Não é nada casual que as análises econômicas no Brasil sejam tão vinculadas ao curto, ao curtíssimo prazo.
É natural que isso ocorra, num país que, por décadas, deixou de lado a ideia de ter um objetivo estratégico e passou a viver da administração dos ganhos e perdas do dia-a-dia econômico.
Tal como as pessoas que não têm um projeto de vida e se vinculam aos resultados imediatos de suas ações, o Brasil passou a ser visto como uma situação que deveria produzir benefícios imediatos com o mínimo de de privações.
O liberalismo econômico tupiniquim, potencializado pelo neoliberalismo político, é a negação de uma visão de futuro e de coerência, em nome dos resultados imediatos.
É algo como se poderia dizer, usando a poesia, como o “só quero saber do que pode dar certo, não tenho tempo a perder” no lugar de ” Há uma luz no túnel/dos desesperados/Há um cais de porto/pra quem precisa chegar”.
Certo que não se faz futuro sem hoje, mas o hoje é fadado a passar depressa como o sol no céu.
Mas uma nação não pode se tornar, no tempo das vacas gortas, aquilo que Darcy Ribeiro descreveu como ” desarmada de qualquer espírito criativo, generosidade ou rebeldia, pois estará deserdada de qualquer generosidade ou ousadia até mesmo da ousadia de projetar e lutar por utopias”.
Muito mais do que números, índices e balanços, quem duvida que o país voltou a ter visão estatégica e do que isso pode lhe dar em mudança de qualidade ?

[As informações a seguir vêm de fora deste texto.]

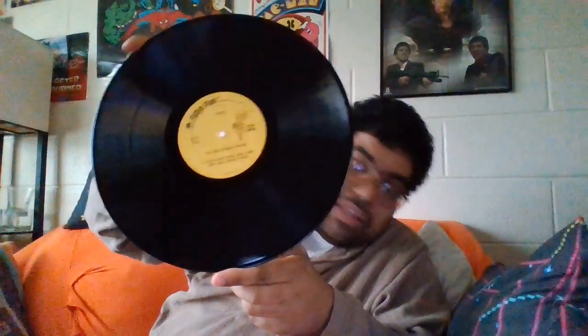And the record — it's in pretty good shape. I don't really see any scratches. So this is a good-shape record.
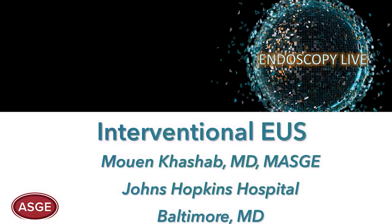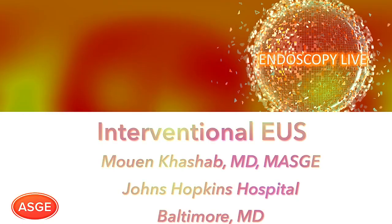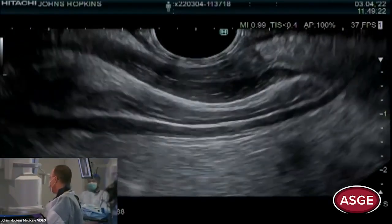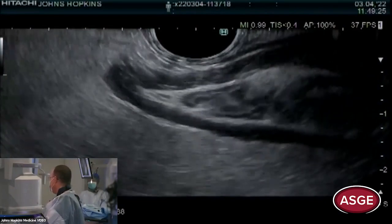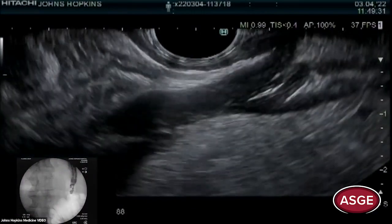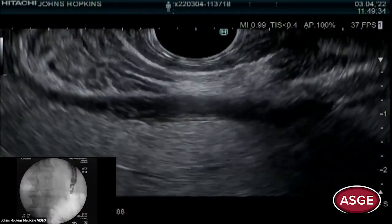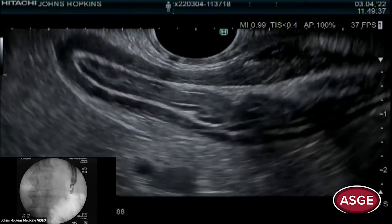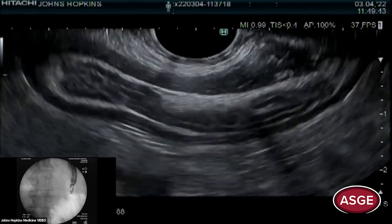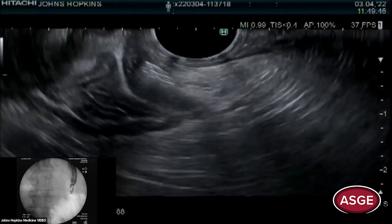Dr. Irani was going to show a case but is having technical issues, so we're going to start an EDGE here and switch to him if resolved. This is a middle-aged gentleman who came in with cholangitis. He has Roux-en-Y gastric bypass anatomy and a 1.3 centimeter stone in his duct. The plan is to do EUS-directed transgastric ERCP. In my practice, I go straight to EDGE instead of enteroscopy ERCP or lap-assisted ERCP.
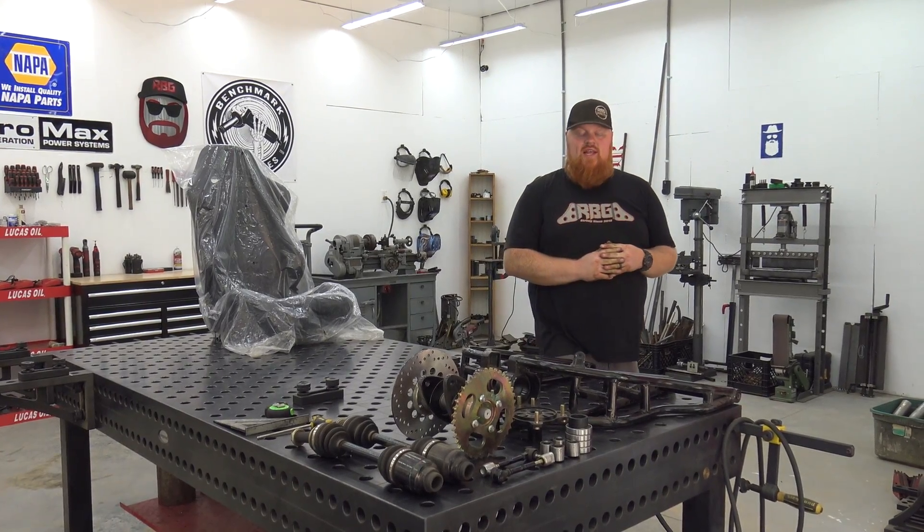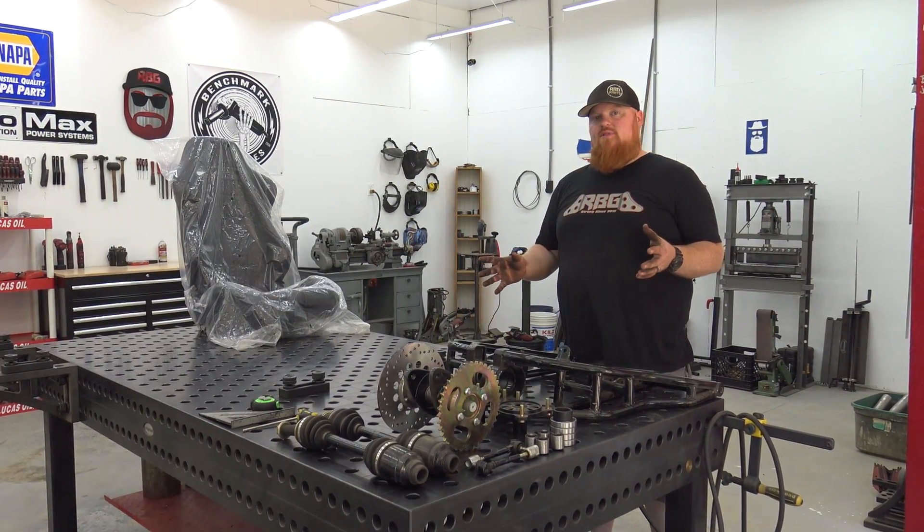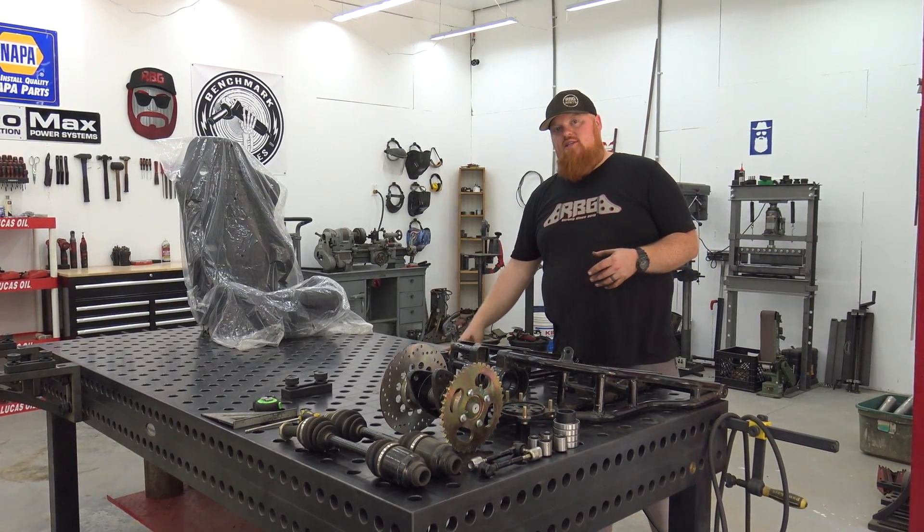Welcome back to Red Beard's Garage. On today's episode we're going to start a new chassis build and we're going to do a full in-depth series on how I come up with a chassis design.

Mas será um erro, um erro imenso – maior ainda que cuidar da administração do imediato – fraquejar e ceder à absolutização do imediato, que é a essencia da lógica de mercado.
Como num relacionamento humano – e não é possível deixar de proclamar, sempre e sempre, que a economia é uma atividade humana – a vida nacional não se mede em balanços trimestrais.
Os jornais de amanhã virão pródigos nessa visão. Petrobras, Banco do Brasil, vendas do comércio, tudo é apresentado como decepcionante porque não foi tão bom quanto ontem, embora o ontem tenha sido esplendoroso e o hoje, apenas positivo.
Uma palavra sequer sobre os ontens decepcionantes e maus.
Quando a análise econômica começa a afirmar a insuficiência do que é bom, comparando-o ao ótimo, desconfie.
Abandonar o caminho certo pelos espinhos, em geral, é passar a andar no rumo errado.
Por: Fernando Brito
15 de fevereiro de 2012 às 7:13
Muito bem colocado. Este imediatismo se dá na rastro do sequestro de nossa memória histórica. E isto não é casual, mas uma forma de garantir o dominio sobre os que se alimentam deste imediatismo. Caso bem claro vemos em nossos jornalões e jornalecos. Eles cultivam a cultura do medo e do espanto, de forma que sintamos sempre inseguros e dependentes de suas gotas de informação. Quando o dólar sobe, eles berram: O dólar subiu! o dólar subiu! e ficamos atemorizados. Quando o dólar cai, eles berram: O dólar caiu!, o dólar caiu, e continuamos aterrorizados. Eles inocularam o virus do complexo de vira lata em nosso povo. Manter o povo culpado, para dominá-lo, esta é a estratégia. E não nos descuidemos, pois eles ainda estão encastelados em casamatas muito fortes, que ainda falta arrombarmos, para que o ar novo possa frutificar e permanecer.